UN HORS SUJET MEDECINE


LE SAVIEZ-VOUS ?  


 :announce     Choléra, une maladie gravement sous-estimée    :'(



En Haïti, le nombre de décès dus au choléra ne cesse d'augmenter. La maladie touche même depuis hier la capitale, Port-au-Prince. Selon l'Organisation mondiale de la santé, cette maladie de la précarité ne cesse de gagner du terrain : elle aurait progressé de 25 % au cours des 5 dernières années par rapport aux 5 années précédentes. Interview de Marie-Laure Quilici, qui dirige le Centre national de référence des vibrions et du choléra à l'Institut Pasteur, à Paris.  


Le Point : Le choléra est-il, encore aujourd'hui, une maladie très fréquente dans le monde ?

Marie-Laure Quilici : L'Organisation mondiale de la santé estime qu'il atteint 3 à 5 millions de personnes par an et qu'il est responsable de 100 à 150.000 décès. Mais il s'agit d'une estimation, car de nombreux pays ne déclarent pas les cas de cette maladie, du fait des limitations des systèmes de surveillance, ainsi que par peur de représailles économiques, concernant notamment l'exportation de produits alimentaires et le tourisme.

Pour l'OMS, le nombre déclaré représenterait seulement 10 % de la réalité. L'an dernier, 221.226 cas ont été répertoriés dans le monde, et 4.946 décès. L'exemple du Bangladesh, où 100.000 à 500.000 personnes sont atteintes du choléra chaque année, et qui n'en déclare aucun à l'OMS, illustre bien cette sous-estimation.

Actuellement, c'est en Afrique que la situation est la plus préoccupante. Les conflits et les mouvements de masse de réfugiés favorisent les épidémies : le choléra a tué 23.800 personnes en quelques semaines dans les camps de réfugiés rwandais installés en juillet 1994 à Goma, au Congo.
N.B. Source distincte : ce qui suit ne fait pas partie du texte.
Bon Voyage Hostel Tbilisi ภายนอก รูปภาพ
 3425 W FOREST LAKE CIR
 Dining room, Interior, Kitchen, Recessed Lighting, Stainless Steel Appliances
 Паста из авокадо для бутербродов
Entre janvier et mai 1998, près de 13.500 malades et près de 800 morts ont été déclarés à l'OMS dans la République démocratique du Congo.


Y a-t-il des cas aussi en France ?

On compte en moyenne 2 à 5 cas importés par an. Depuis 2005, ces cas ont été importés par des personnes ayant participé à un voyage en Asie, et particulièrement en Inde. Ils résultent de la consommation d'eau ou d'aliments contaminés dont l'origine n'est pas toujours identifiée. Même si les voyagistes font très attention, il est difficile d'éviter tout risque.


Quelles sont les mesures à mettre en oeuvre ?  

Le choléra est la maladie des mains sales, c'est pourquoi il est recommandé de se les laver avant de toucher de la nourriture. Il faut manger des aliments cuits et encore chauds (le vibrion est sensible à la chaleur, mais il existe un risque de recontamination si le produit est refroidi et est manipulé). Quant à l'eau, il faut la faire bouillir et la conserver dans un récipient propre, voire y ajouter des comprimés de chlore pour la désinfecter.

Ces mesures ne sont pas faciles à mettre en oeuvre, notamment en Haïti où la population n'a pas d'accès à l'eau potable et où il n'existe pas de systèmes de purification des eaux usées. En consommant une eau contaminée, ils alimentent le cycle infernal.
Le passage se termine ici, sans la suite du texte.